Lembrava a história dos grandes sovinas, relacionava os desastres morais surgidos da finança inconveniente…
– O ouro, meus irmãos – pontificava, solene -, é o pai de quase todas as calamidades da Terra. Abre a vala da prostituição, gera a delinquência, incentiva a loucura e corrompe o caráter… Onde apareça a miséria, procurai, por perto, a fortuna. É preciso temer a posse e extinguir a avareza. O dinheiro destrói o amor e a felicidade, o dinheiro enche cadeias e manicômios…
A assembleia escutava, escutava…
Entretanto, o exame do assunto permitia o debate fraterno e, porque muitos companheiros de raciocínio acordado não podiam esposar plenamente as teses ouvidas, Matoso viu-se para logo encurralado em perguntas diretas.
– Mas você não considera o dinheiro como recurso da vida? – ponderava Montes, o irmão mais velho da turma. – A direção é que vale. Água governada faz a represa, a represa sustenta a usina, a usina cria trabalho e o trabalho é a felicidade de muita gente.
– Ora, ora! – gritava Laurindo, esmurrando a mesa – lá vem você, o filósofo espírita.
– Como assim? – sorriu o ancião prestimoso.
E Laurindo:
– Qualquer dinheiro desnecessário a quem o possua é porta aberta à demência.

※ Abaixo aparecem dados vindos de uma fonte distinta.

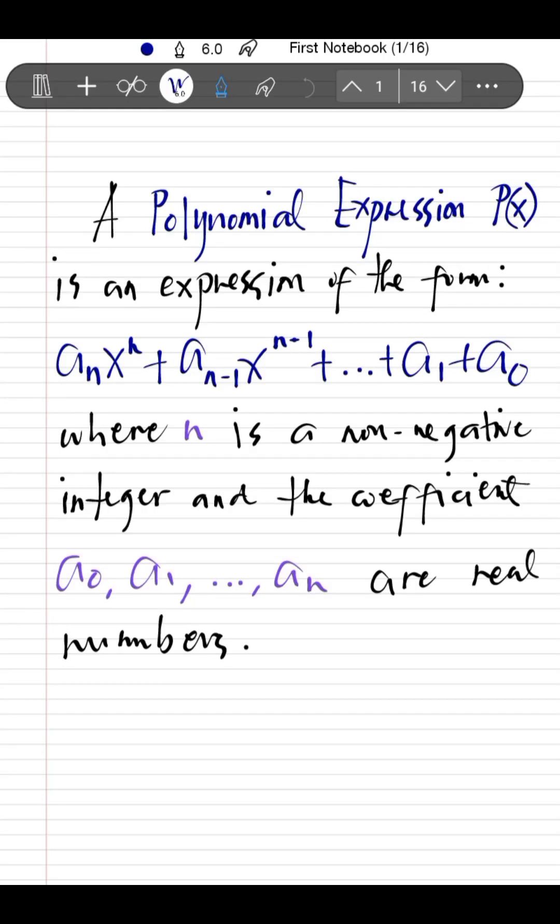Hello, my dear students. Welcome to this YouTube channel, Mathematics and Me. In this video, you will learn to divide polynomial expressions using long division. But before that, let's first define what a polynomial expression is.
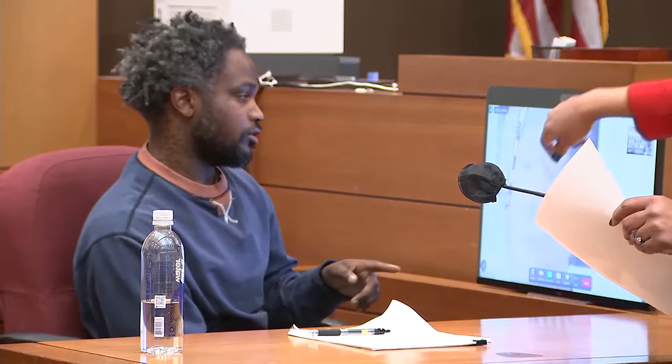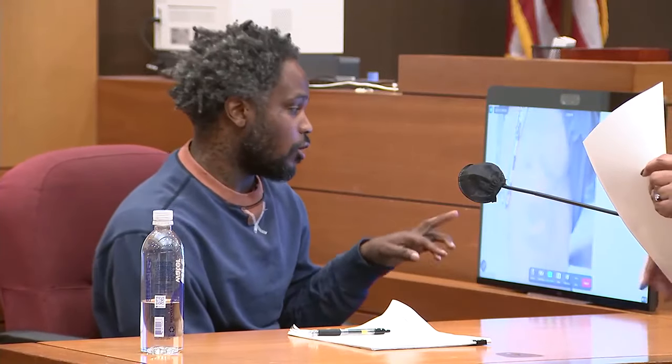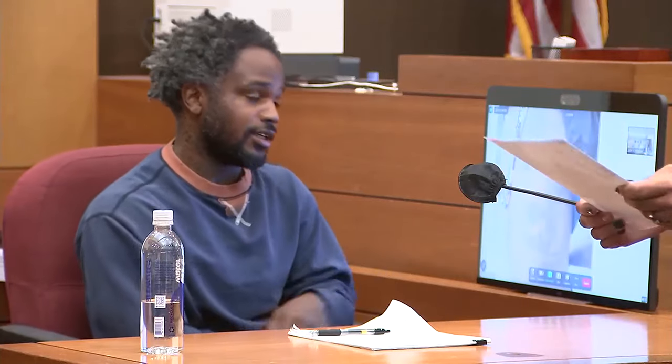Is that permanent ink? Yes. Would you tell the jury what the letters that I'm pointing to are? A Y, an X, and an L.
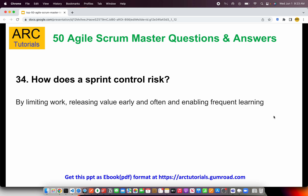How does a sprint control risk? When you limit work, you release value early, which means you get early feedback. When you get early feedback, you can improve and fix any defects or issues noticed. Hence, the risk of the overall end product goes down. Quality becomes high because iterations allow us to find issues early on in the product development stage.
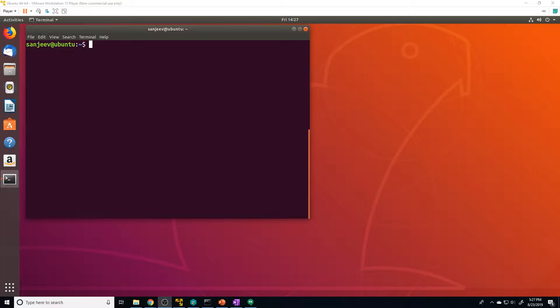What those three do are pretty self-explanatory based off their name. Standard input is the input to the command — like a command line argument. Standard output is the output of the command, and standard error is the error of a specific command. So if you try to open or read a file that doesn't exist, it's going to spit out an error — that's the standard error data stream.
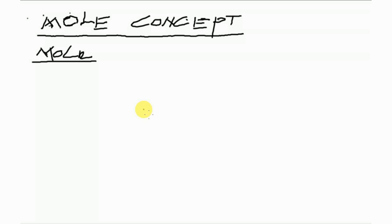Today in chemistry we are going to start a new topic which is the mole concept. The first thing we are going to look at is a mole. A mole is defined as the quantity of the substance.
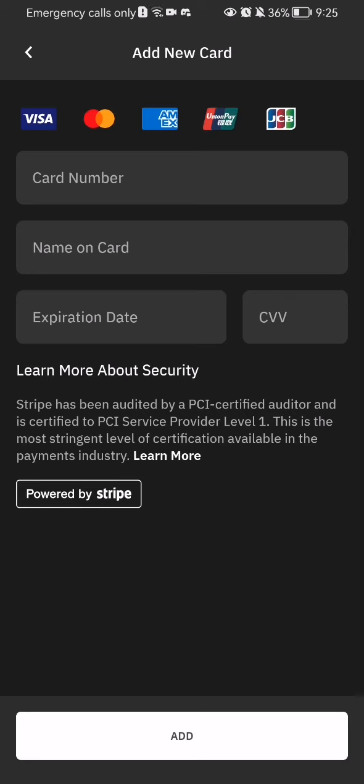Here you should just fill up the information that you need: the card number, the name on the card, the expiration date, and the protection code. After all of that is done, all you have to do is just press 'add' at the bottom of your screen and the new card will be added to the list.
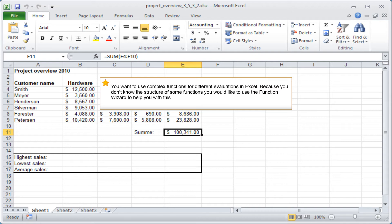You want to use complex functions for different evaluations in Excel. Because you don't know the structure of some functions, you would like to use the Function Wizard to help you with this.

– Ouça, matoso – interferiu Dona Clélia -, imagine-se você mesmo, num catre de provação, recolhendo o amparo amoedado de algum amigo. É impossível que você amaldiçoe o auxílio espontâneo…
– A assistência é tarefa para Governos – falou o orador.
– Sim – concordou a interlocutora -, mas, por vezes, a representação dos Governos, embora respeitável, custa muito a chegar.
– E o dinheiro generoso que pode ajudar nos casos de família? – acentuou Dona Zulma.
– Naturalmente, o senhor não tem, como nos acontece, um filho acusado por um desfalque no Banco. A quantia que nos foi emprestada, para salvar-lhe o nome, funcionou como bênção.
– Nada disso – protestou Laurindo, excitado. – Não houvesse o dinheiro e não surgiriam viciações. A paga dourada é que faz os defraudadores. Estudei a questão quanto pude. Em todas as civilizações, o dinheiro é responsável por mais da metade dos crimes…
A preleção seguia animada, com apartes ardentes, quando o telefone chamou Laurindo em pessoa.
O aviso procedia do recinto doméstico e, por isso, o monitor não conseguiu esquivar-se.
Ao telefone processou-se o seguinte diálogo:
– É você, Laurindo?
– Sim, sim.
– Olhe – informava a esposa distante -, um portador chegou agora…
– Que há? – inquiriu Matoso, austero e preocupado.
– Meu avô morreu e deixou-nos todos os bens… A fazenda, os depósitos, as apólices…
Venha!… Precisamos combinar tudo. É muito problema por decidir, mas creio que a herança nos libertará de todo cuidado material para o resto da vida…
– Bem, filha – e a voz do Matoso adocicou-se, de inesperado -, vou já…
Logo após, algo atarantado, pediu desculpas, alegando que precisava sair.
– E o final da palestra? – disse Osvaldo Moura, um amigo que acompanhava as instruções, empunhando notas.
– Temos o mês inteiro para discutir o temário – explicou o orador. – O dinheiro é o flagelo dos homens. É imperioso guerreá-lo sem tréguas. Continuarei amanhã…
Os dias se passaram e, por mais solicitado ao regresso, Laurindo nunca mais voltou…
Nota
O conto acima, psicografado por Francisco Cândido Xavier, faz parte do livro Contos Desta e Doutra Vida.